** Your assignment **
Give only the lines from the one containing "Get the Official" through the end of the material below, exactly as written.

** Materials provided **
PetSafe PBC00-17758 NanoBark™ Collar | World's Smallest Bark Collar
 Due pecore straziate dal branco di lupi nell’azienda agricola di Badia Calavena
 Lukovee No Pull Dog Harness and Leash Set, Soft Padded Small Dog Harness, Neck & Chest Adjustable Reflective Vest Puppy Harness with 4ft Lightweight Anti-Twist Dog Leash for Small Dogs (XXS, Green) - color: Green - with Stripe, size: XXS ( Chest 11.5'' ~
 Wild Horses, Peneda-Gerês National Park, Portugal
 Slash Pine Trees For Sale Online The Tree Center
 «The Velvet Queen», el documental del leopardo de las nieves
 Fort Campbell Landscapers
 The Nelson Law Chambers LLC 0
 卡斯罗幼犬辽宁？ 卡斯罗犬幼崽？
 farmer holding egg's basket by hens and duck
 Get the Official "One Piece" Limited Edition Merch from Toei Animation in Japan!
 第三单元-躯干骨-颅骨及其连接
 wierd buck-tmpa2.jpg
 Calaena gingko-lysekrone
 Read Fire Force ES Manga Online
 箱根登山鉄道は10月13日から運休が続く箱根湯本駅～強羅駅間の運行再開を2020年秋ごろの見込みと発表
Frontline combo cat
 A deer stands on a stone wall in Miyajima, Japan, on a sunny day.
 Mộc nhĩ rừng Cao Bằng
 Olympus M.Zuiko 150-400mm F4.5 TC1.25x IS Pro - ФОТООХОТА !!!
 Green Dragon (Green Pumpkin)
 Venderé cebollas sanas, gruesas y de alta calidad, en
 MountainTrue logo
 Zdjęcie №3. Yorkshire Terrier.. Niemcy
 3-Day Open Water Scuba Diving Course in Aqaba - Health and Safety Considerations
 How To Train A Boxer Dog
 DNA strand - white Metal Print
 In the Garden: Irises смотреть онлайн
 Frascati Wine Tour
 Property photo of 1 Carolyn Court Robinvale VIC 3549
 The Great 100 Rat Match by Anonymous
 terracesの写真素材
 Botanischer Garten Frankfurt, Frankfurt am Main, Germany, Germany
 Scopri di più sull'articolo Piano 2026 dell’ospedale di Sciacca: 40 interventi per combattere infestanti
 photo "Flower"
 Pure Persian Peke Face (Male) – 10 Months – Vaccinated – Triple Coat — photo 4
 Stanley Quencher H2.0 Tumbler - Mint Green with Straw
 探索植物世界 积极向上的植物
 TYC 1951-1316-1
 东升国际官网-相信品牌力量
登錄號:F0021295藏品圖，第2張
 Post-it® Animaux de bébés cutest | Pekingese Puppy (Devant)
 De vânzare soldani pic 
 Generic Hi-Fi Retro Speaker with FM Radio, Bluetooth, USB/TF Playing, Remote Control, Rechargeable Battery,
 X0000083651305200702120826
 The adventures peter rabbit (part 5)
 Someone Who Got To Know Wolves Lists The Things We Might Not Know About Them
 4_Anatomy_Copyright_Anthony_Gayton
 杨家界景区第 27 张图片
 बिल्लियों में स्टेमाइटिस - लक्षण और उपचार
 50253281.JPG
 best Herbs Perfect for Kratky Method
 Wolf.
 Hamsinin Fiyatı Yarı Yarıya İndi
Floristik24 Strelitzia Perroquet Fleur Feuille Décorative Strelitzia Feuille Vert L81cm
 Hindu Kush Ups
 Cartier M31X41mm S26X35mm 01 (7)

** Exercise output **
 Get the Official "One Piece" Limited Edition Merch from Toei Animation in Japan!
 第三单元-躯干骨-颅骨及其连接
 wierd buck-tmpa2.jpg
 Calaena gingko-lysekrone
 Read Fire Force ES Manga Online
 箱根登山鉄道は10月13日から運休が続く箱根湯本駅～強羅駅間の運行再開を2020年秋ごろの見込みと発表
Frontline combo cat
 A deer stands on a stone wall in Miyajima, Japan, on a sunny day.
 Mộc nhĩ rừng Cao Bằng
 Olympus M.Zuiko 150-400mm F4.5 TC1.25x IS Pro - ФОТООХОТА !!!
 Green Dragon (Green Pumpkin)
 Venderé cebollas sanas, gruesas y de alta calidad, en
 MountainTrue logo
 Zdjęcie №3. Yorkshire Terrier.. Niemcy
 3-Day Open Water Scuba Diving Course in Aqaba - Health and Safety Considerations
 How To Train A Boxer Dog
 DNA strand - white Metal Print
 In the Garden: Irises смотреть онлайн
 Frascati Wine Tour
 Property photo of 1 Carolyn Court Robinvale VIC 3549
 The Great 100 Rat Match by Anonymous
 terracesの写真素材
 Botanischer Garten Frankfurt, Frankfurt am Main, Germany, Germany
 Scopri di più sull'articolo Piano 2026 dell’ospedale di Sciacca: 40 interventi per combattere infestanti
 photo "Flower"
 Pure Persian Peke Face (Male) – 10 Months – Vaccinated – Triple Coat — photo 4
 Stanley Quencher H2.0 Tumbler - Mint Green with Straw
 探索植物世界 积极向上的植物
 TYC 1951-1316-1
 东升国际官网-相信品牌力量
登錄號:F0021295藏品圖，第2張
 Post-it® Animaux de bébés cutest | Pekingese Puppy (Devant)
 De vânzare soldani pic 
 Generic Hi-Fi Retro Speaker with FM Radio, Bluetooth, USB/TF Playing, Remote Control, Rechargeable Battery,
 X0000083651305200702120826
 The adventures peter rabbit (part 5)
 Someone Who Got To Know Wolves Lists The Things We Might Not Know About Them
 4_Anatomy_Copyright_Anthony_Gayton
 杨家界景区第 27 张图片
 बिल्लियों में स्टेमाइटिस - लक्षण और उपचार
 50253281.JPG
 best Herbs Perfect for Kratky Method
 Wolf.
 Hamsinin Fiyatı Yarı Yarıya İndi
Floristik24 Strelitzia Perroquet Fleur Feuille Décorative Strelitzia Feuille Vert L81cm
 Hindu Kush Ups
 Cartier M31X41mm S26X35mm 01 (7)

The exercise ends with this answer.